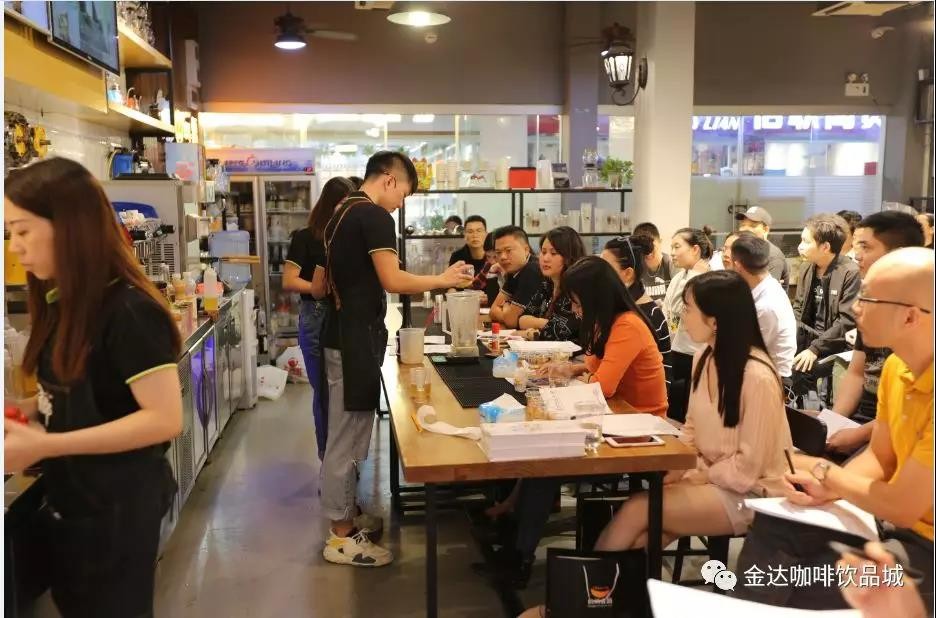 味都帶你走進秋冬季新品，交流與了解飲品文化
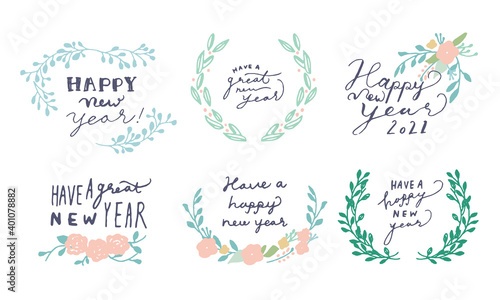 手書きの年賀ロゴ草木のリース風　Happy New Year 2020 hand lettering 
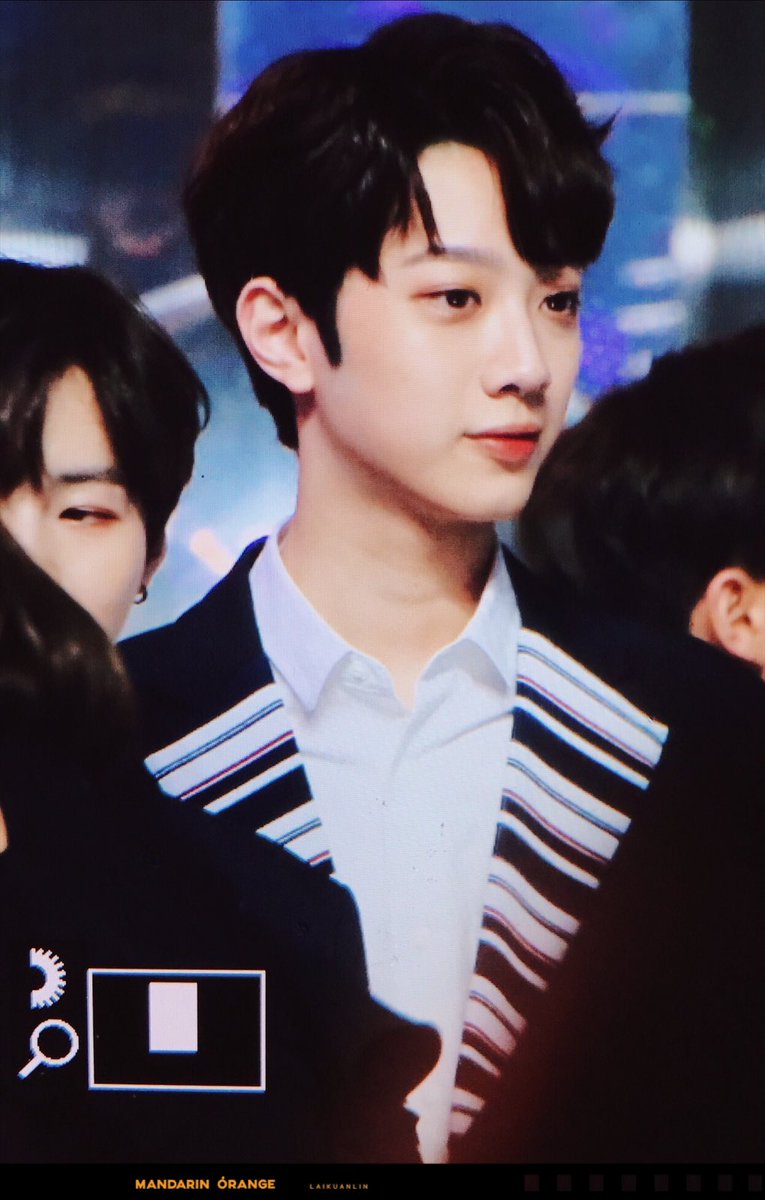 mandarin_010923's tweet photo. 171202 MMA #라이관린 https://t.co/SWyjhWqm8v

_ _ _ _ _

## Aim of the task
Retype each line above precisely, please. Skip anything that is a picture.

## Task solution
 味都帶你走進秋冬季新品，交流與了解飲品文化
 手書きの年賀ロゴ草木のリース風　Happy New Year 2020 hand lettering 
 mandarin_010923's tweet photo. 171202 MMA #라이관린 https://t.co/SWyjhWqm8v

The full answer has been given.